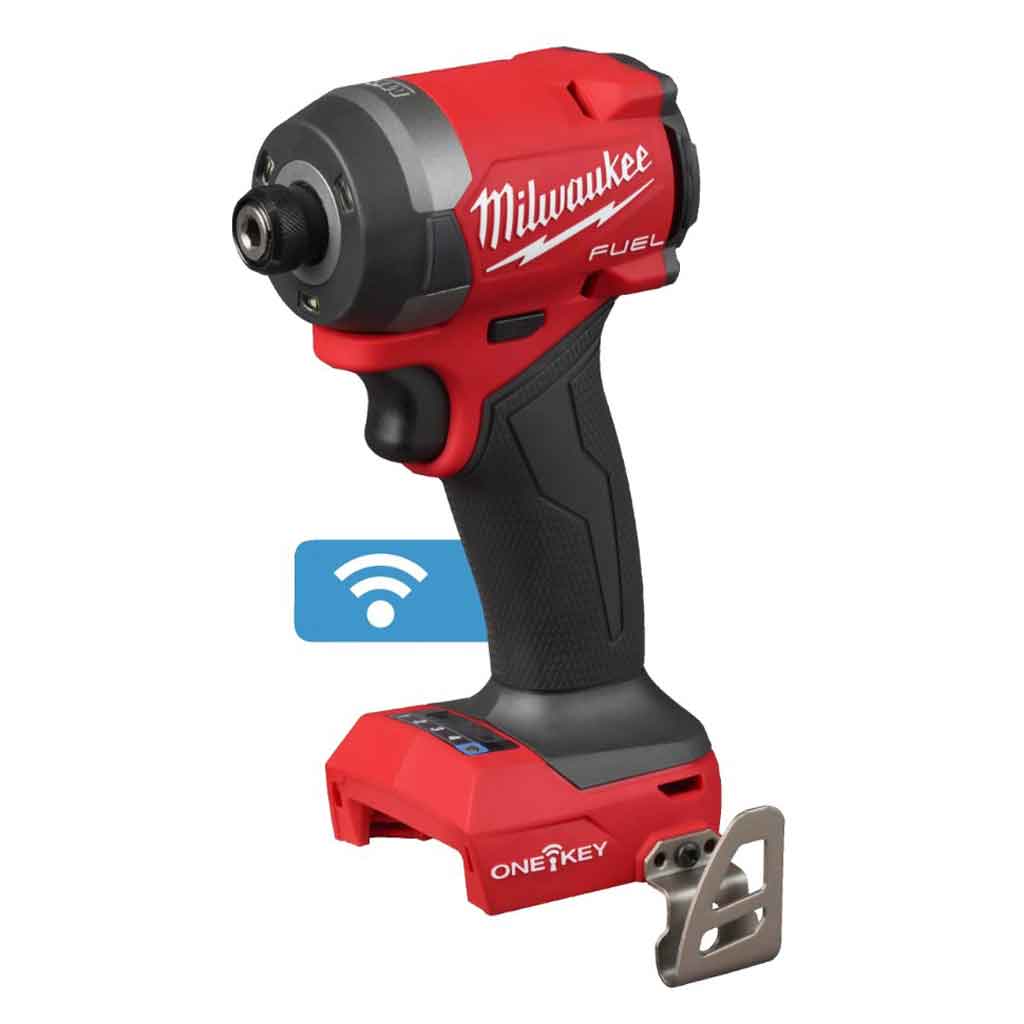 Milwaukee M18 ONEID3 0X Avvitatore ad impulsi Attacco 2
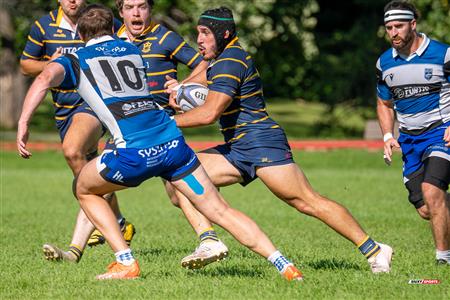 RQ 2024 - SUPER LIGUE M1 - TMR (29) vs (11) Parc Olympique Rugby - SemiFinals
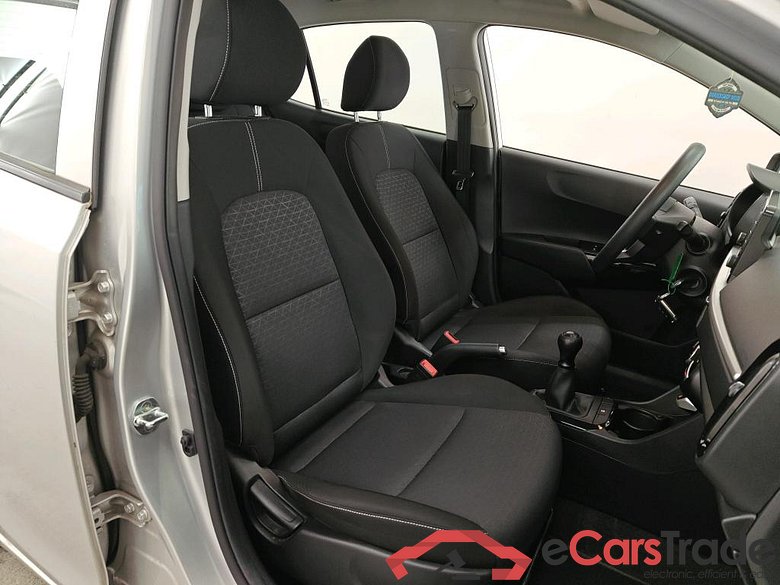 Kia Picanto 1.0CVVT ComfortPlusLine Navigator 4-zits 5d #3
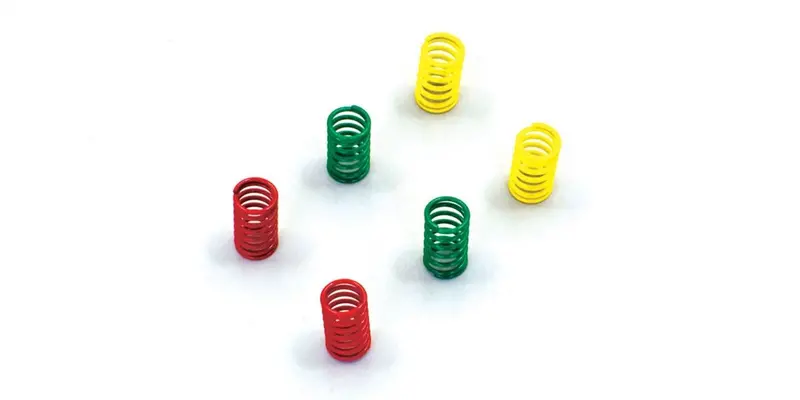 Kyosho - Setting Spring Set (Awd Dws) 1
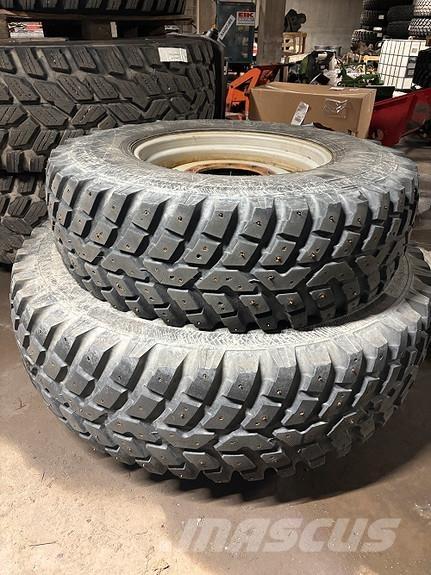 Nokian TRI 2 Pneumatici, ruote e cerchioni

*WORK REQUIRED*
Give back, exactly as written, the lines from the top of the material above to the line containing "Kyosho - Setting Spring Set (Awd Dws) 1", both included; skip every picture.

*TASK SOLUTION*
 Milwaukee M18 ONEID3 0X Avvitatore ad impulsi Attacco 2
 RQ 2024 - SUPER LIGUE M1 - TMR (29) vs (11) Parc Olympique Rugby - SemiFinals
 Kia Picanto 1.0CVVT ComfortPlusLine Navigator 4-zits 5d #3
 Kyosho - Setting Spring Set (Awd Dws) 1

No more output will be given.